[Short text fragments from websites]

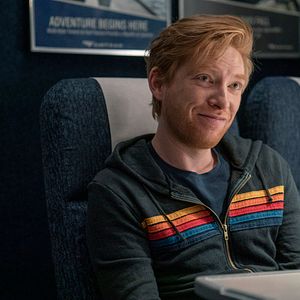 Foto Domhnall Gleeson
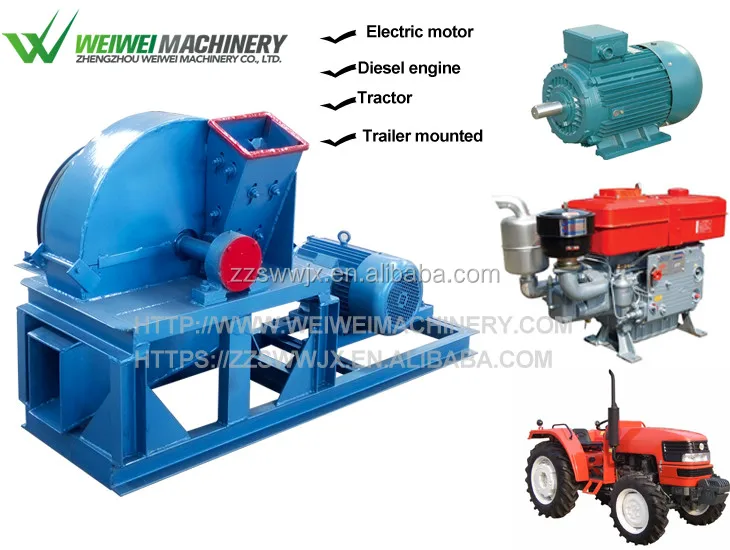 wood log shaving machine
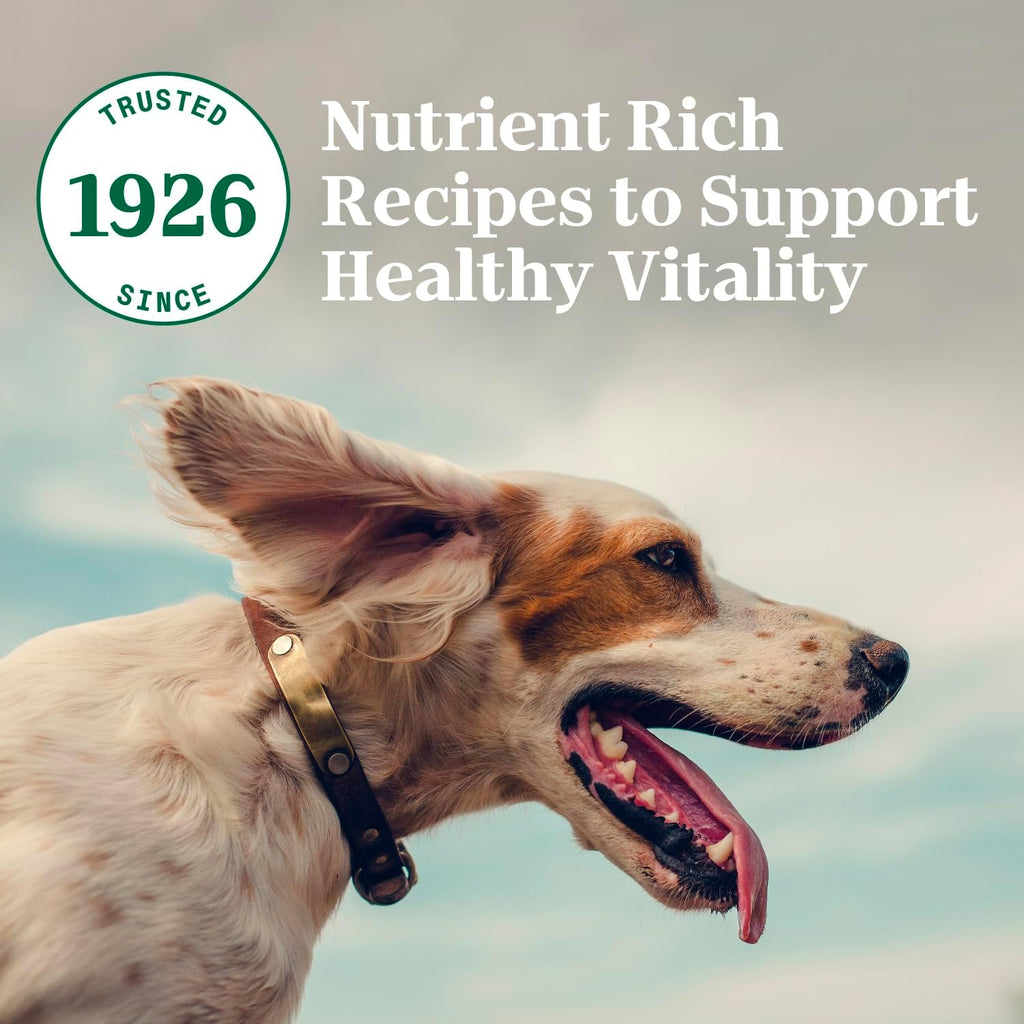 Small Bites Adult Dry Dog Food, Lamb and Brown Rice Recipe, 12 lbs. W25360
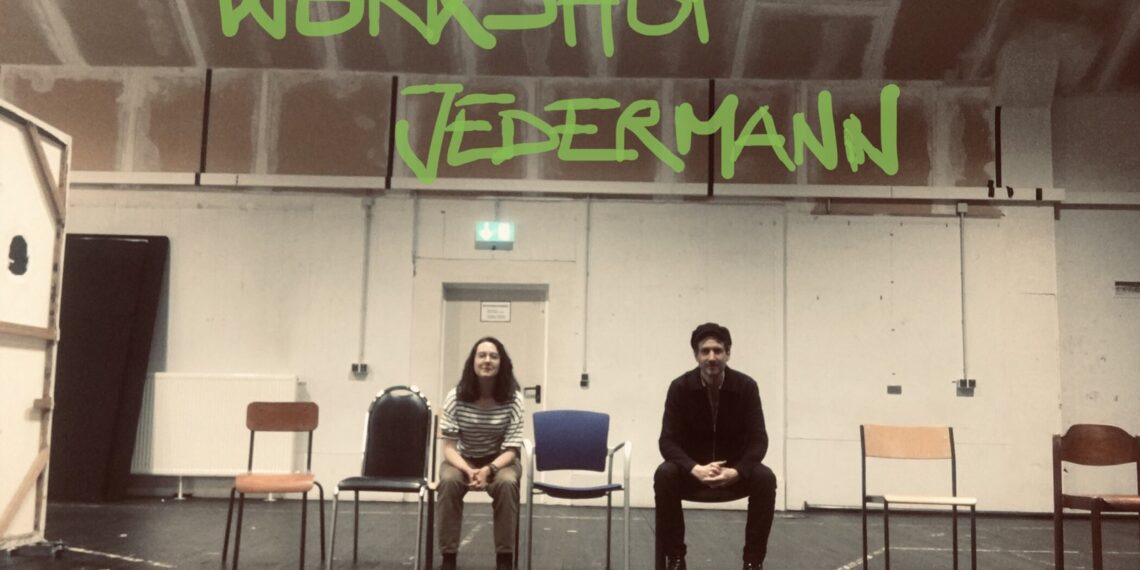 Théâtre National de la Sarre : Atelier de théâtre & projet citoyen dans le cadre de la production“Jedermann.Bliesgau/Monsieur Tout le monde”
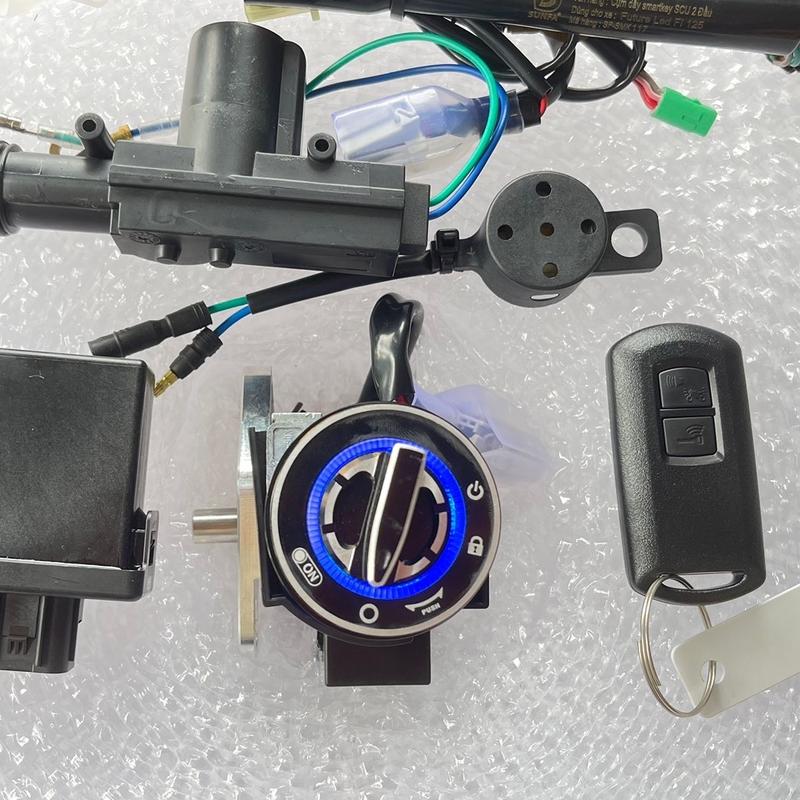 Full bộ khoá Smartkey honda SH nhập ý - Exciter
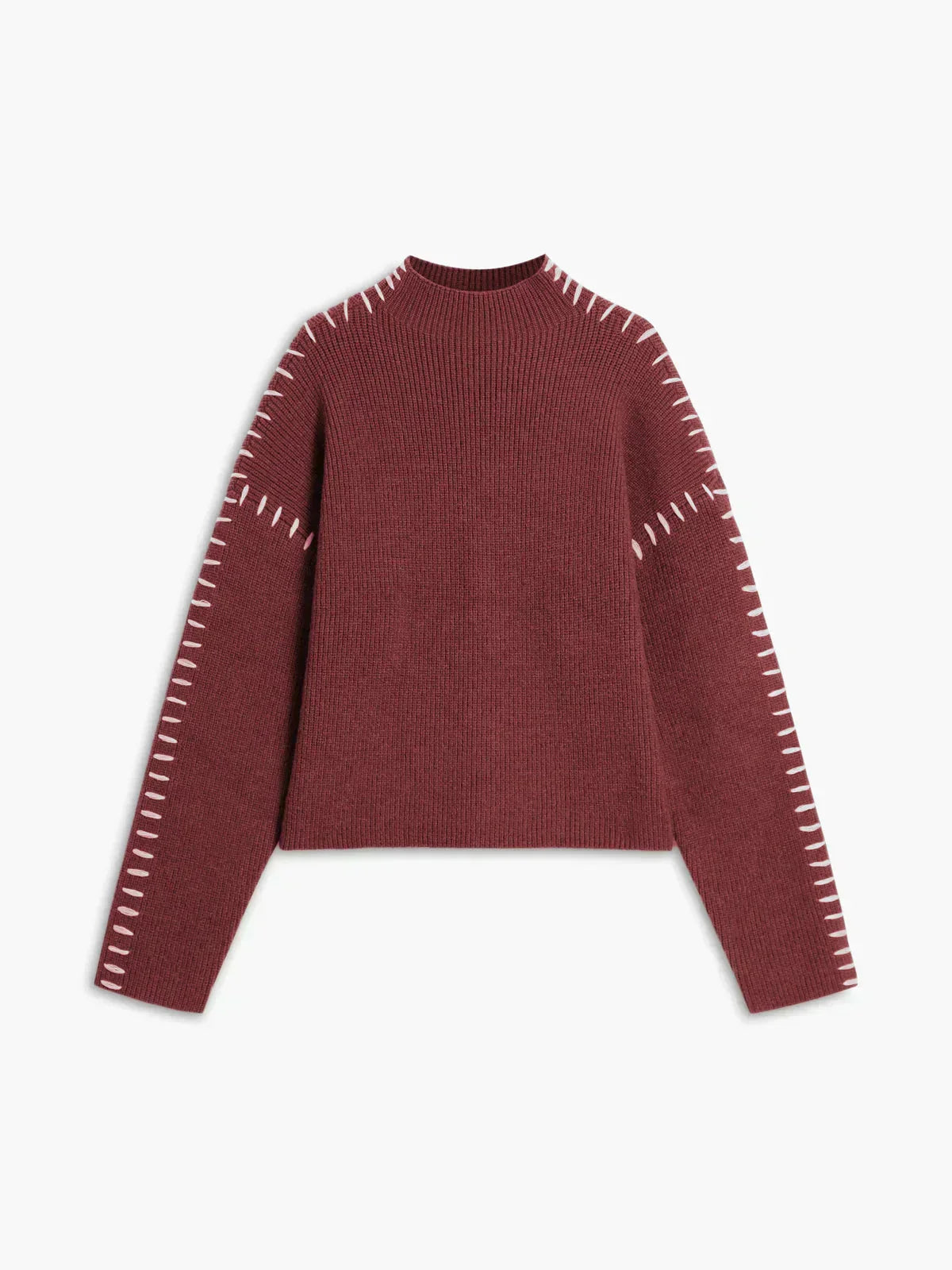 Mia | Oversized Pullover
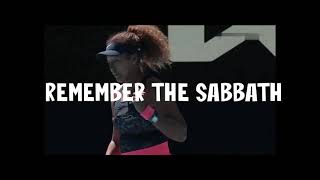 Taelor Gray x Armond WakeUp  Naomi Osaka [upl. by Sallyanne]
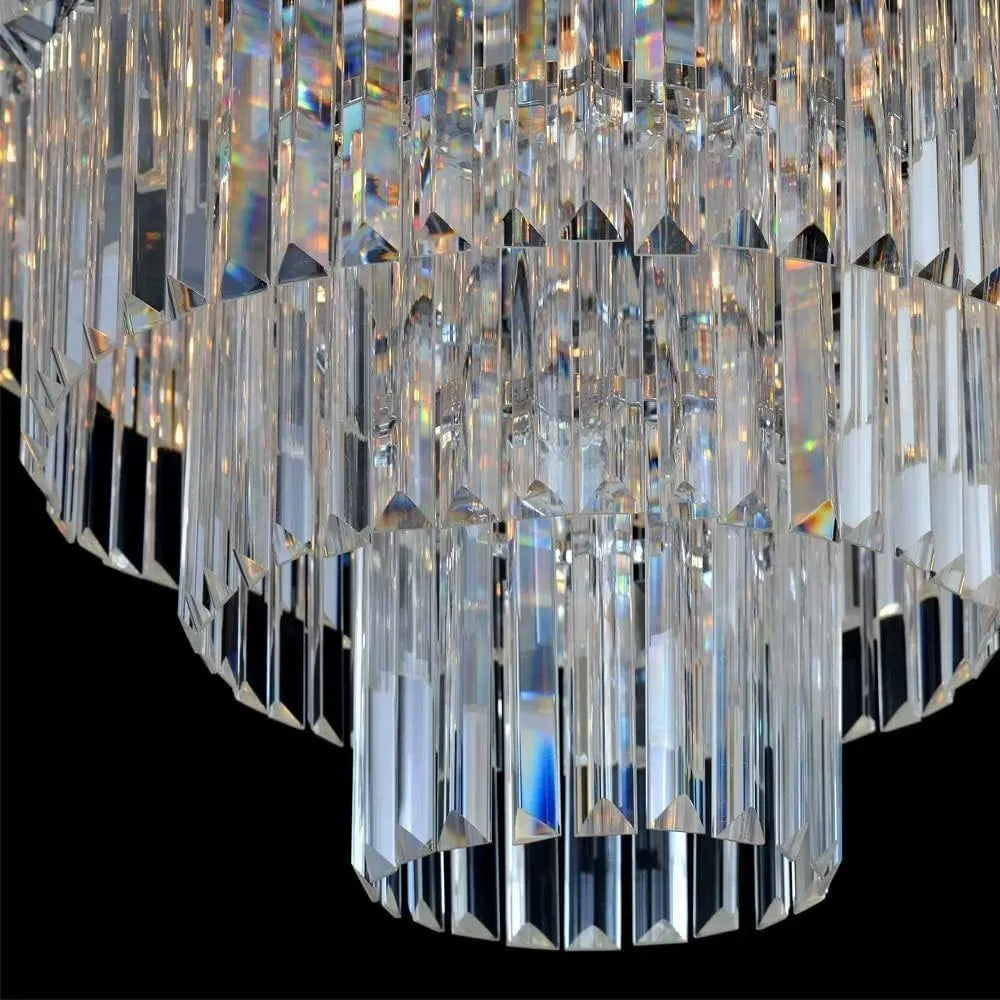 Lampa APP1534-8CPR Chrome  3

**Exercise prompt**. Please transcribe word for word the lines from the one bearing "Théâtre National de" through the last line of the records above, omitting the pictures.

**Response**.
 Théâtre National de la Sarre : Atelier de théâtre & projet citoyen dans le cadre de la production“Jedermann.Bliesgau/Monsieur Tout le monde”
 Full bộ khoá Smartkey honda SH nhập ý - Exciter
 Mia | Oversized Pullover
 Taelor Gray x Armond WakeUp  Naomi Osaka [upl. by Sallyanne]
 Lampa APP1534-8CPR Chrome  3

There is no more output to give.